Kaiserliche Leibspeise
Tafelspitz ist eine der berühmtesten Spezialitäten der Wiener Küche. Das edle Rindfleisch gart über mehrere Stunden in siedender Brühe und wird dadurch wunderbar mürbe. Seine Bekanntheit verdankt das Siedefleisch Franz Joseph I., einst Kaiser von Österreich und König von Ungarn, dessen Leibgericht es war.

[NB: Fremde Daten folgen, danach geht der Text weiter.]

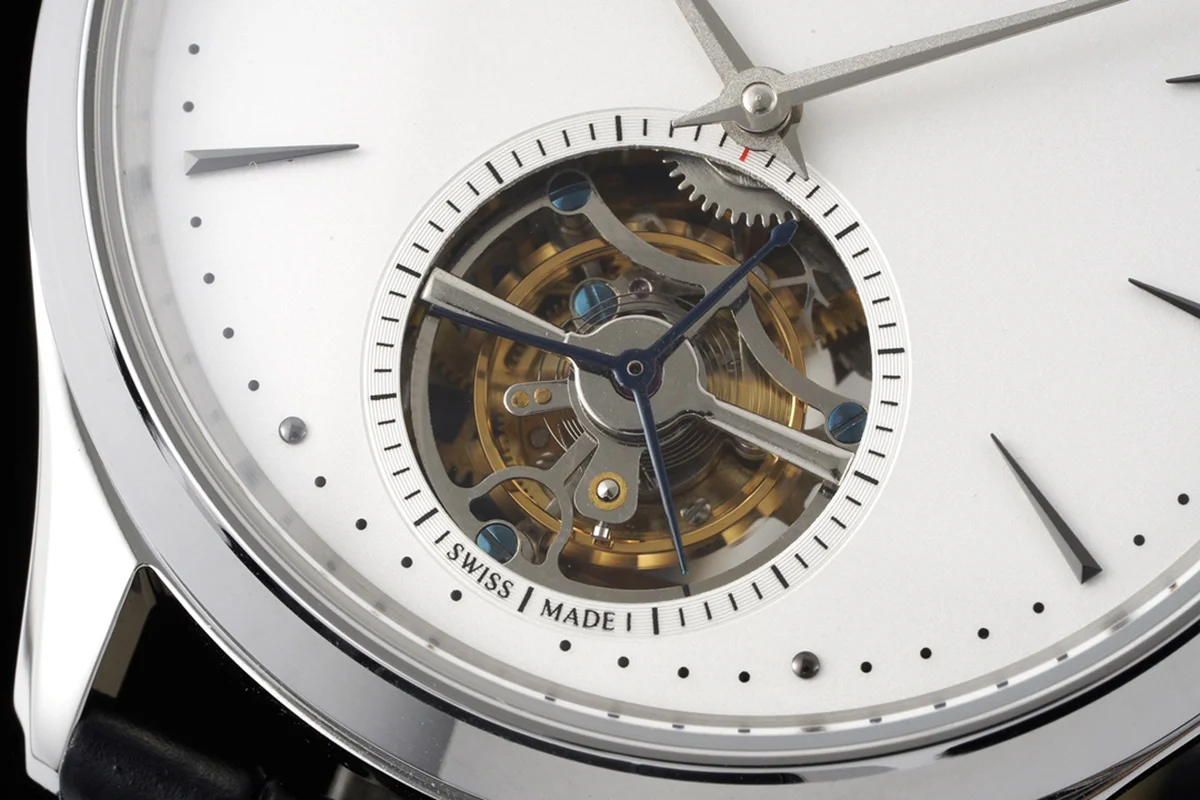 Master Control Tourbillon White Dial in Steel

Foto(s): Frederik Röh, Henrik Matzen
„Tafelspitz esse ich sehr gern, besonders wenn meine Mutter ihn zubereitet – mit Meerrettichsoße und Salzkartoffeln. Tafelspitz ist wieder stark im Kommen und wird auch bei jüngeren Kunden immer beliebter.“
Stefan Christen, Fleischexperte im famila-Warenhaus Eckernförde
Der Monarch, der von 1830 bis 1916 lebte, galt als sparsam und genügsam. Er liebte einfache Kost, und so enthielt der Speiseplan am Wiener Hof statt mehrgängiger Menüs vor allem gesottenes Rindfleisch mit Beilagen wie zum Beispiel Kohl oder Kohlrabi, frisch geriebenem Meerrettich (österr. Kren) und Brot zum Aufstippen der Brühe. Immerhin erlaubte Franz Joseph seinen Köchen, die besten Stücke vom Rind zu verwenden.
Rindfleisch im Überfluss
Doch nicht nur bei Hofe war Rindfleisch in Wien damals angesagt. Die Rinder kamen vor allem aus der ungarischen Puszta. Ganze Herden wurden damals in die österreichische Hauptstadt getrieben. Bereits seit dem Mittelalter war Rindfleisch neben Brot eines der wichtigsten und günstigsten Nahrungsmittel der Wiener. Vom Teller seiner Majestät, des Hofstaats und seiner hohen Militärs fand das gekochte Rindfleisch den Weg ins Bürgertum – man wollte tafeln wie der Kaiser. So wurde das Siedefleisch zum Inbegriff gutbürgerlichen Essens. Diese Wiener Rindfleischkultur endete erst mit dem Zweiten Weltkrieg. Später besann man sich auf den Klassiker zurück, und heute ist er aus der österreichischen Küche nicht mehr wegzudenken. Der feinfaserige, gut abgehangene Tafelspitz ist ein Teilstück der Rinderhüfte. Er stammt vom oberen Teil der Hinterkeule eines jungen Ochsen und ist nach dem charakteristischen Schnitt der Fleischteilung benannt. Dieser vordere, spitz zulaufende Teil der Unterschale schließt an das sogenannte „Tafelstück“ an. Tafelspitz hat an der oberen Rundung einen dünnen, schmackhaften Fettrand – er gibt zusätzlich Geschmack und sollte vor dem Garen auf keinen Fall entfernt werden.
Das Warten lohnt sich
Vielleicht hat der Tafelspitz seinen Namen aber auch ein paar hungrigen Wiener Adligen zu verdanken: Die Erzherzöge mussten beim höfischen Festschmaus immer am undankbaren „Spitz“ der Tafel sitzen, also ganz am Ende. Unglücklicherweise aß der Kaiser sehr schnell, und ihnen wurde aufgrund der Sitzordnung immer zuletzt aufgetragen. Da aber alle gemeinsam mit Franz Joseph das Besteck niederzulegen hatten, gingen die Edelmänner oft leer aus. So zogen sie anschließend ins Wiener Hotel Sacher. Dort wartete ein Gericht auf sie, das über Stunden vor sich hin sieden konnte und dabei immer zarter wurde: der Tafelspitz. Er gilt bis heute als echte Spezialität der Wiener Küche. Ob klassisch mit einer geriebenen Meerrettich-Apfel-Mischung, Bratkartoffeln und Schnittlauchsoße oder modern variiert wie zum Beispiel in unserem Rezept für Tafelspitz in Pflaumen-Rotweinsoße auf der folgenden Seite: Bei diesem zarten Stück Rindfleisch kommen Genießer voll auf ihre Kosten.